Of course, all this is likely to achieve is to tip us into a recession, since interest rates themselves can't magic away the underlying structural issues hidden beneath the top-line inflation numbers (which themselves mask 10s or even 100s of individual price sectors).
So, rates will be raised via the same logic that gave us "in order for the village to be saved, it was necessary that it be destroyed" ...
It might be time to reappraise monetary policy in it's entirety and accept that the basis of it was always a partial fallacy and that the real driver of inflation and the economy is trade policy, labor policy, fiscal policy and foreign policy. All monetary policy achieves is the creation of an ever larger pool of credit instruments through lower interest rates and implicit guarantees of creditors which excites economic activity in certain areas linked (in various ways but primarily financial) to the credit pool.
If you put interest rates above a certain point (I don't know what this is but I guess it's linked to the size of the credit pool relative to real economic activity) you reduce the credit pool by creating a credit crunch which would eliminate lots of debt but also lots of aligned economic activity and cause a recession due to the resulting loss of confidence. You might reduce inflation but you will also definitively damage the economy and the credit pool.
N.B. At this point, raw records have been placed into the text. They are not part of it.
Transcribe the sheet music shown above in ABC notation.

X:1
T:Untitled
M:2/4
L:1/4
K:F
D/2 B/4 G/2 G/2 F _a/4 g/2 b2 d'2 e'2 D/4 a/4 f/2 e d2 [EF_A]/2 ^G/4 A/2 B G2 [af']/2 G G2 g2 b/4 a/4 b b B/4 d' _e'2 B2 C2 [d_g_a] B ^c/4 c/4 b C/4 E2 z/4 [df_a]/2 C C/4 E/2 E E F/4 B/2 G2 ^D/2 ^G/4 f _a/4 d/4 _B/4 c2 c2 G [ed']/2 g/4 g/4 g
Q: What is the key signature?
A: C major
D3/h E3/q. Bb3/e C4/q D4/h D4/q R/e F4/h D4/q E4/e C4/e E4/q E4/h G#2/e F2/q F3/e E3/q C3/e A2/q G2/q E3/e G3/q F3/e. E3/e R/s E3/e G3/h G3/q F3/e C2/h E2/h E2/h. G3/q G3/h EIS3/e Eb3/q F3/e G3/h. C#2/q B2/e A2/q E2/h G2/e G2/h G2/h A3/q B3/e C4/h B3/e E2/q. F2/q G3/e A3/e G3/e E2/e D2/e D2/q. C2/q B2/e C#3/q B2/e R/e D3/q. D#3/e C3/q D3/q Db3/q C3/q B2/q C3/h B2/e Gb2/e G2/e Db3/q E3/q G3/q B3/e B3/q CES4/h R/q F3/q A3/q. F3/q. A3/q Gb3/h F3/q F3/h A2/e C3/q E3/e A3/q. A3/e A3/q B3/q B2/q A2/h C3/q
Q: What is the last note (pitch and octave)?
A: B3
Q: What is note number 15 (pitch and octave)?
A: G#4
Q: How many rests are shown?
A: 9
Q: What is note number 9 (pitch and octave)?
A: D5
If you don't put rates above this point you reduce the credit pool via financial repression whereby the effective asset price increases erode the effective relative value of the credit pool. There is a slow deterioration in the size of the credit pool relative to the economy but it is gradual and happens over time.
I would bet that the Fed will opt for the second option. It might upset savers but a gradual deterioration in a certain group of people's relative net worth is less painful than a sudden deterioration in everyone's net worth.
Interestingly, neither of these outcomes will really matter for the people who are experiencing actual changes in their incomes and their living costs. These will be far more influenced by trade, labor, fiscal and foreign policy at a governmental level but given modern politicians don't really propose anything of any substance to change any of these policies then it's unlikely that things will change dramatically and that the macro-trends of increasing financialization, concentration of wealth, precarity for an increasing proportion of the population, decline in public services and distraction of populations with populist culture-war topics (scapegoating minorities, false-flag victimhood) while collective living standards decline will continue. Oh, and climate change will mean the world becomes less habitable.